At 06:43 PM 1/24/00 , Mark S. Miller wrote:
>Bug 6: Too Much Yaccing
>
>To be covered in the next message. This bug is currently fatal for the use
>of Javasoft's Java-2. The only known work-around is to use a Java-1.1.
>More later.
The problem starts with BYacc/J (Berkeley Yacc for Java) generating a parser in Java whose table size exceeds Java's limits on legal method size. It seems a Java-source data initialization like
static private final short[] yytable = { ... };
gets compiled into a method(!!) whose bytecodes initialize this table. This is a problem that had been "fixed" before. Once upon a time, Marc Stiegler wrote an E program to take the yacc output and break it into several files. As tweaked by me, these were two new classes, each of which only contained one initialized data element. I also turned the transforming into an ELib program (named EYaccFixer) to avoid a cyclic build dependency.
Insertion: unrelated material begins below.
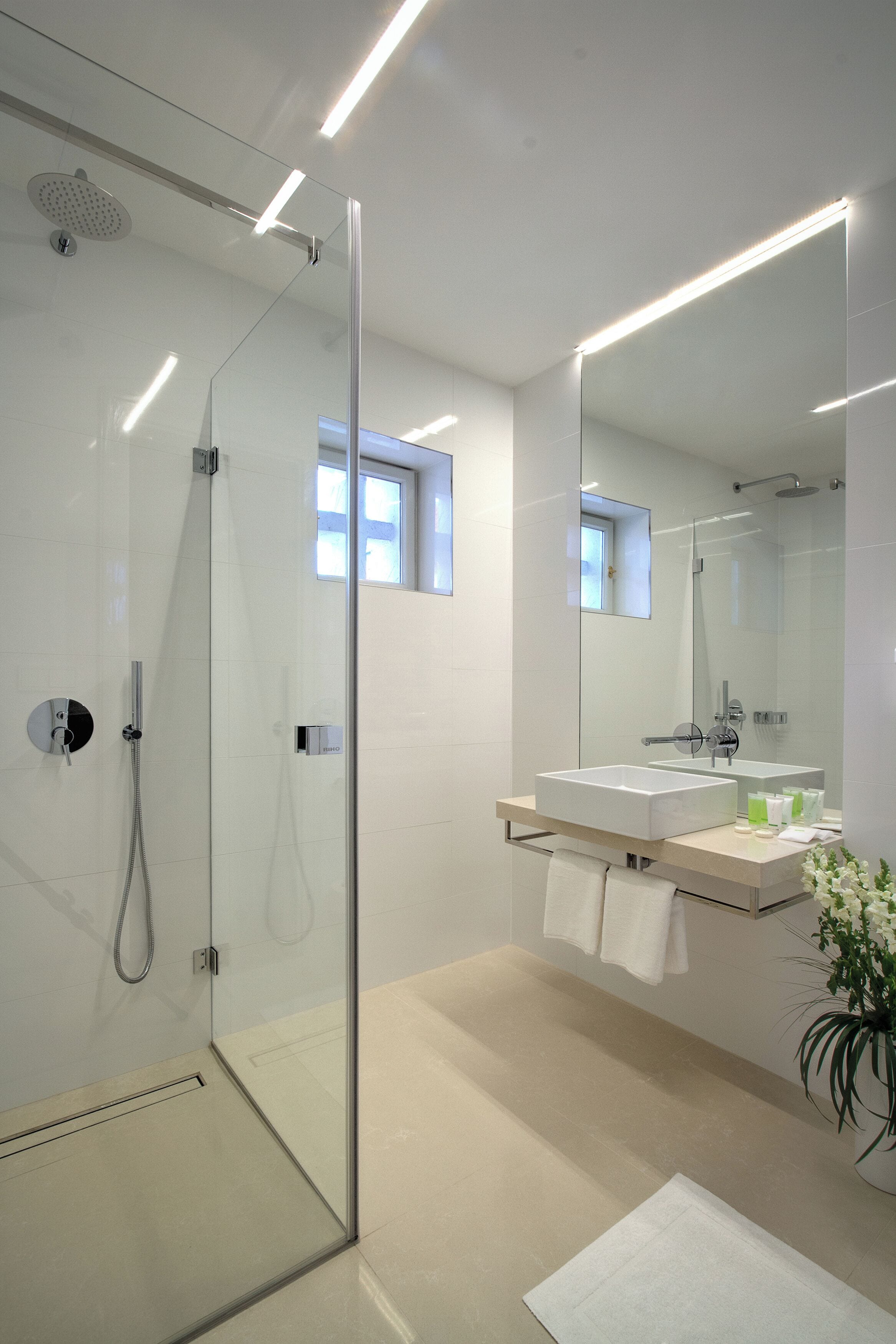 Photo - Bishop's House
Javasoft's Java-2 seems to have gotten stricter at enforcing the spec, or perhaps they've changed the spec. In any case, it seems we were still violating the spec, in that each individual data initialization was still too large, so it's good we were forced to fix it.
Status: What we now do (in the unreleased next version) is 1) EYaccFixer parses the data initializations it extracts from byacc/j's output, turns them into arrays of shorts, and serializes them to a file we include in e.jar as a resource. 2) The transformed parser initializes these arrays by reading the resource and unserializing these arrays from the resource-as-stream.
Btw, after several folks were so enthused about using Antlr instead, it's really a shame to be going out of our way at this point to maintain the yacc-generated parser. If this inspires anyone to have a go at it, now would be a great time, as the Antlr folks have just announced a new improved v2.7.0. I would be ready to start integrating the result back in after FC'00, so let's say the beginning of March. Any takers?
Bug 7: Perls Before Twine
After fixing the above problem, I figured everything would finally just work under Java-2. After all, E used to work under Java-2 -- I remember testing it. Apparently this was before we integrated in the Perl5 regular expression engine from OROMatcher. Turns out the version we grabbed back then wasn't Java-2 compatible. No problem. They've posted a new version which is. I grabbed it, plugged it in, and the problem went away. If only they were all like this.
Btw, this is another case of
it's-a-shame-to-be-maintaining-the-wrong-solution. The right solution is
the gnu regex package. It would be great if someone rebuilt our Perl5
quasi-parser out of the gnu regex package. March, again, will be a good
time for me to reintegrate this. Any takers?
Cheers,
--MarkM